1) In caso di destabilizzazione o cambio di regime, quale dei vostri vicini danneggerebbe di più gli interessi del vostro paese?

2) Come potrebbero forze esterne allo stato interferire nelle relazioni fra la vostra nazione e i paesi confinanti?

3) In che misura siete esposti voi e i vostri vicini agli scenari delle Rivoluzioni Colorate e alle tecnologie di destabilizzazione politica, a livello nazionale come in regioni chiave?

4) Infine, quali meccanismi regionali si possono sfruttare per garantire stabilità sociale e prevenire attivamente questi scenari? Come reagisce la vostra nazione, e i suoi alleati, una volta che questa catena di eventi si è messa in moto?

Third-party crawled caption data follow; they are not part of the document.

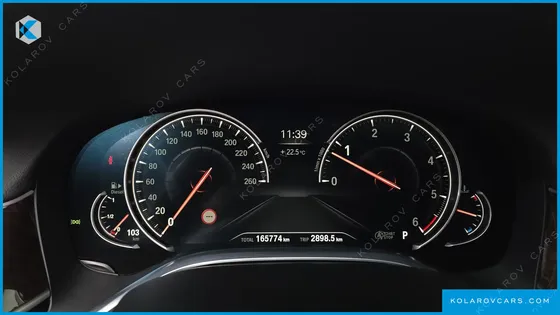 BMW 7 SERIES 730LD XDRIVE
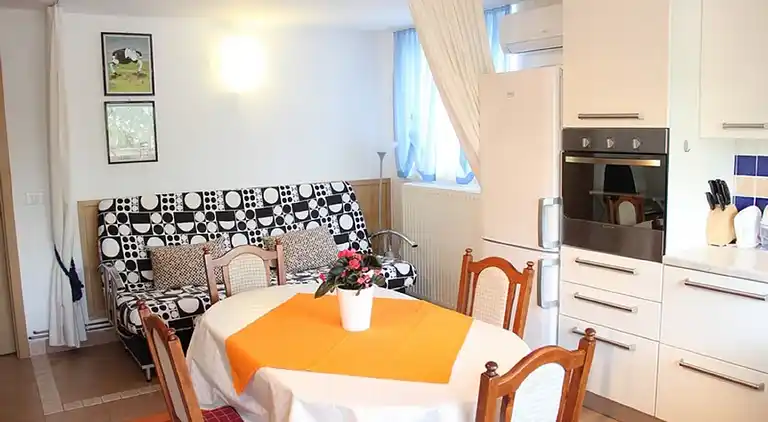 Apartment in Lucija
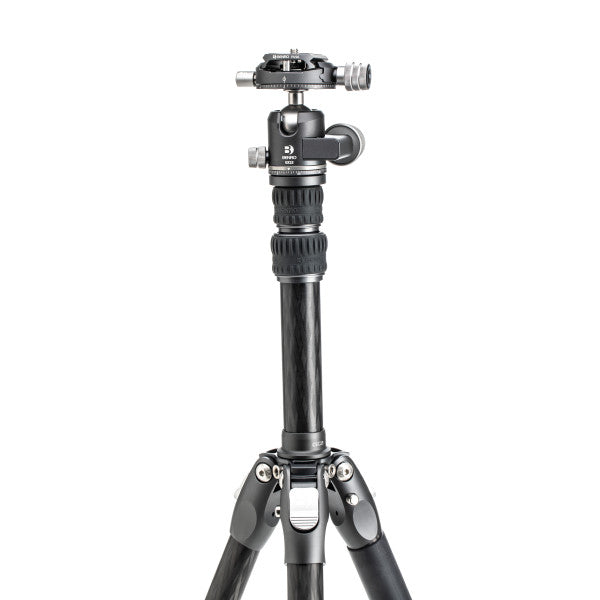 Benro Carbon Fiber Extension Column for #1 Series Tripods from www.thelafirm.com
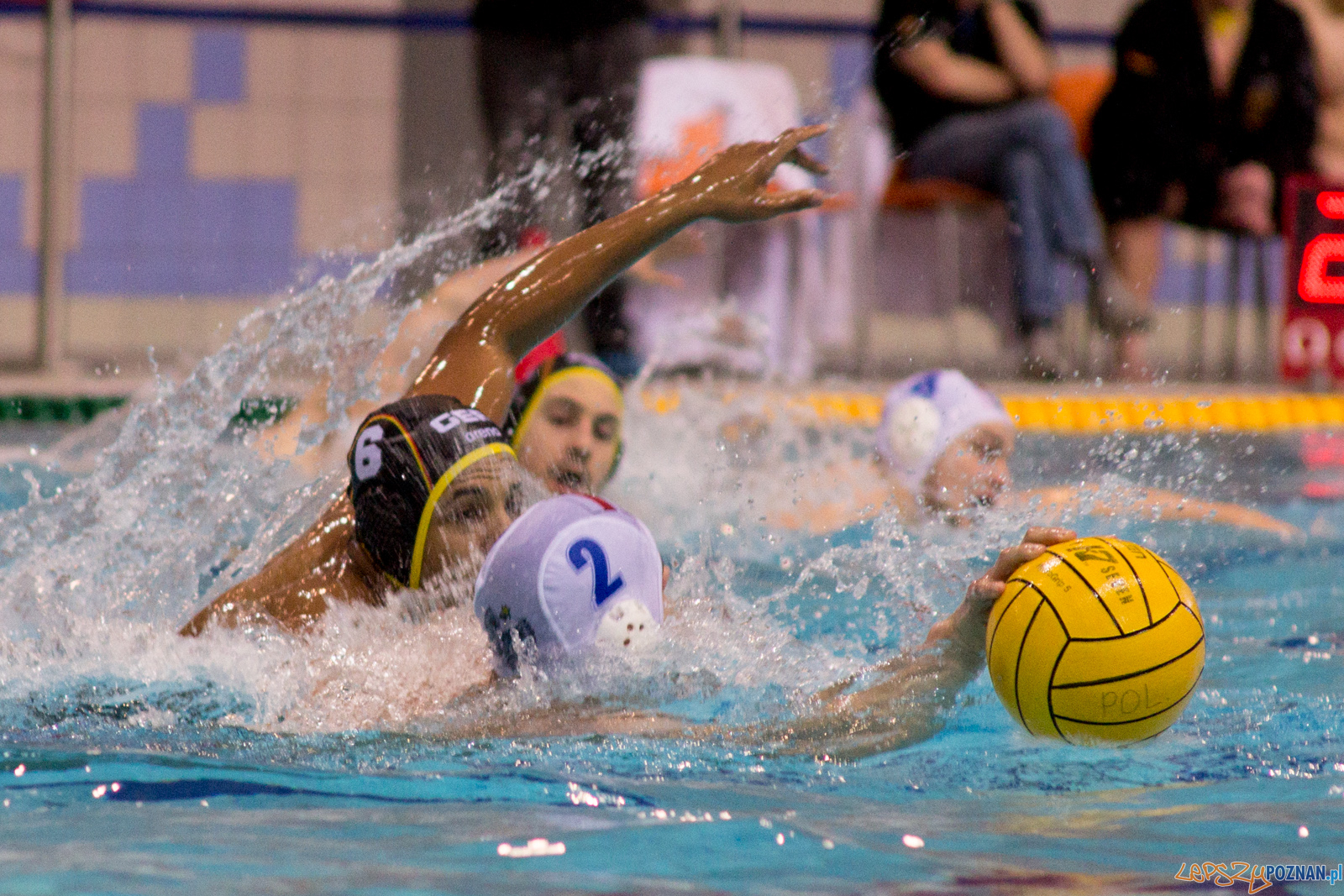 Mecz Polska - Niemcy - Eliminacje Mistrzostw Europy Foto: lepszyPOZNAN.pl / Ewelina Jaskowiak Mecz Polska - Niemcy - Eliminacje Mistrzostw Europy Foto: lepszyPOZNAN.pl / Ewelina Jaskowiak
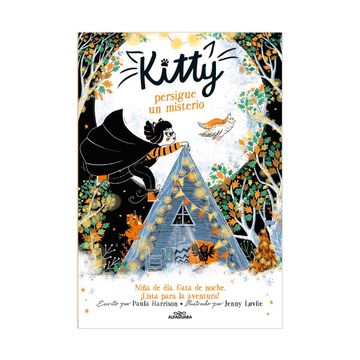 Kitty 4 - Persigue Un Misterio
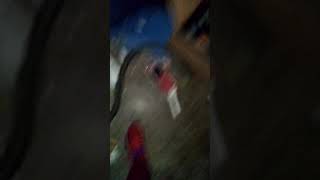 Fire Truck Toy Destruction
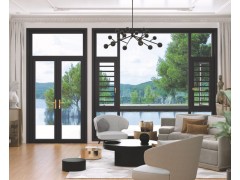 門窗鋁型材，希美盾門窗型材，門窗鋁材，斷橋鋁門窗型材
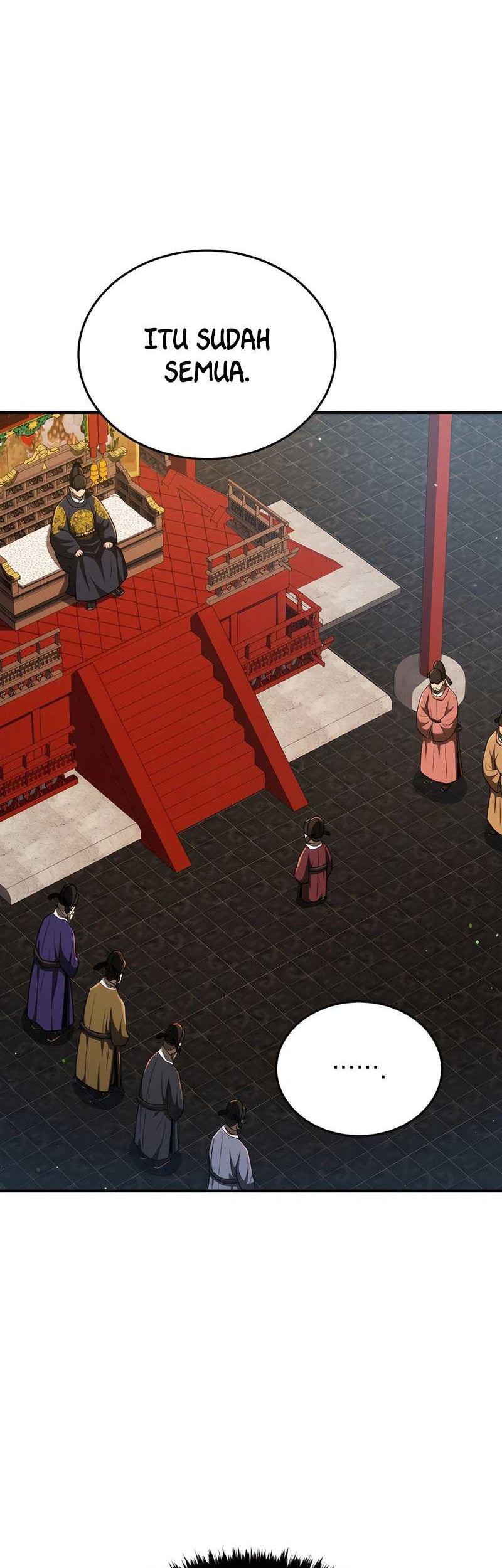 Black Corporation: Joseon Chapter 36 Gambar 16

Se terrete a mente questa considerazioni, sarà più facile prevedere dove e quando ci sarà un tentativo di Rivoluzione Colorata, come anche scovare mezzi efficaci per controbatterla prima di una crisi vera e propria. Ricordate anche che c’è differenza fra proteste legittime e Rivoluzioni Colorate, ma gli Stati Uniti stanno pericolosamente sfumando la linea di demarcazione fra le due allo scopo di nascondere le loro reali mire strategiche, mantenendo però sempre la possibilità di una negazione plausibile riguardo al loro coinvolgimento. 

Quando ci sono di mezzo le ONG e i membri dell’opposizione sono di provenienza estera, questo è di solito un segnale di allarme, tanto quanto dovrebbero esserlo le dichiarazioni di sostegno ai movimenti di protesta da parte del Dipartimento di Stato Americano o della locale ambasciata americana. Se una protesta sembra fare gli interessi strategici degli americani, nella maggior parte dei casi sarà veramente così e gli Stati Uniti avranno sicuramente avuto un ruolo diretto o indiretto nello sviluppo della situazione, anche se 9 partecipanti su 10 non se ne rendono conto. 

Siate sempre all’erta e se tenete a mente che gli Stati Uniti militarizzano le Rivoluzioni Colorate e le utilizzano per i loro scopi geopolitici, allora sarete molto più preparati a controbattere questo nuovo tipo di armamento.